Herbarium in Focus - Exhibition to bring to life the power of Plants
3 October 19
Herbarium in Focus, a free exhibition in Ireland’s National Herbarium at the National Botanic Gardens was officially opened today by Office of Public Works (OPW) Commissioner, John McMahon. The purpose of the exhibition is to showcase the key role herbarium’s play in our understanding of the natural environment and to encourage public participation in this important resource.
A herbarium is a collection of preserved, dried and pressed plant specimens and the National Herbarium contains a unique archive of some 600,000 preserved herbarium specimens dating from as early as 1661. Herbari play a central role in the discovery of new plant species and crucially they also hold evidence of the response of plants to environmental changes. Herbarium specimens can show how plants are adapting to environmental changes as well as the impact that humans are having on the landscape.
Visitors to the exhibition at the National Herbarium will have an opportunity to learn about the ongoing process of pressing and drying plants, see specimens collected from as far back as the 17th century and see how we are still learning from the specimens through DNA extraction. As part of the Office of Public Works’ mission to promote awareness of the work of the National Herbarium, members of the public are also invited to bring plant specimens which they would like to have identified to the National Herbarium where staff on site will aim to help them in that process.
Minister of State for the Office of Public Works and Flood Relief, Mr. Kevin ‘Boxer’ Moran TD, said “The National Herbarium is a place of science and a place of history; a genealogy research centre that can help us learn about the future and a plant museum that links us to our past. The purpose of this exhibition at the National Herbarium is to open up this incredible space and knowledge to the public, with a view to increasing our understanding of the power of plants.”
“We are also inviting members of the public who may be puzzling over a particular plant they have come across to bring it to the National Herbarium where the staff will endeavour to help them. As we all become more aware of the importance of protecting and promoting Ireland’s rich biodiversity, I hope this initiative will be an important step towards that.”
There are in the region of 600,000 individual specimens held in the National Herbarium, a museum collection of over 7,500 items along with a collection of seeds, DNA and plant tissues that complement the collections. Key collections in the National Herbarium include the work of female pioneering scientist Matilda Knowles and specimens that Roger Casement brought back to Dublin from the Congo while on a mission there to report to the British government on the Belgian colonial regime.

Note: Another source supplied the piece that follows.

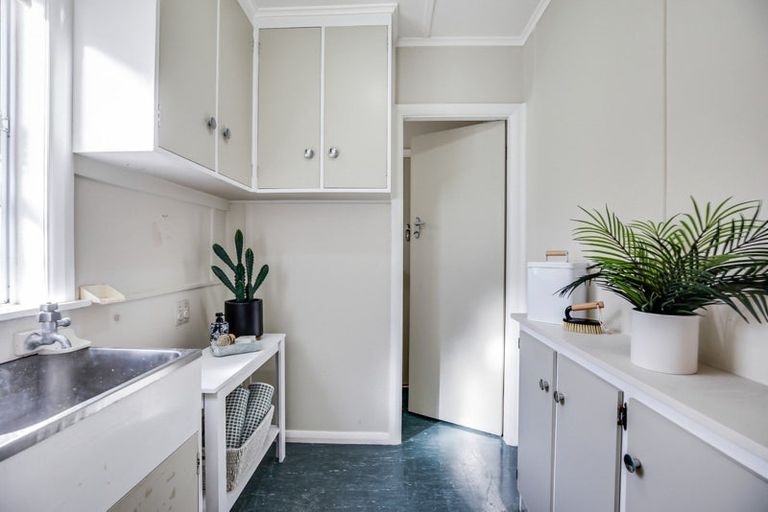 Photo of property in 216 Fox Street, Hamilton East, Hamilton, 3216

Opening the exhibition, OPW Commissioner Mr John McMahon, said “The art of pressing and drying a specimen is something that will feel familiar to most children who have tucked a flower away in a heavy book. What has changed is what we are now able to learn from the huge archive of specimens which have been catalogued over centuries. Each individual herbarium specimen is considered to be a snapshot in time and here in the National Herbarium we are capable of retrieving DNA from specimens retrieved by botanists in the 17th, 18th and 19th centuries and see what is changing and why. It is endlessly fascinating to think that botanists in the field 150 years ago were effectively sampling for us here in 2019.”
To find out more about the National Herbarium go to www.botanicgardens.ie. Entry to the Botanic Gardens and the National Herbarium is free of charge.
Note to Editors
The National Botanic Gardens were established in 1795 by the Dublin Society and passed into State control in 1877. They are currently administered by the Office of Public Works and comprise of the Botanic Gardens at Glasnevin and the Arboretum at Kilmacurragh. The Herbarium was founded in 1847, and was formerly part of the National Museum of Ireland, Kildare Street, Dublin. In 1970 the herbarium was transferred to the Botanic Gardens and amalgamated with the smaller Garden’s herbarium (DUB). At the same time, the museum of economic botany, also founded by the Dublin Society, was transferred to the National Botanic Gardens from the National Museum.
Research in the herbarium includes work on the distribution and taxonomy of the Irish flora and the flora of south-east Asia. As well as providing an identification service to the Botanic Gardens, and the public, the herbarium also produces several publications each year. These include the journals Glasra, Contributions from the National Botanic Gardens, Glasnevin, and Occasional Papers. These journals are distributed in exchange for journals from museums and Botanic Gardens around the world.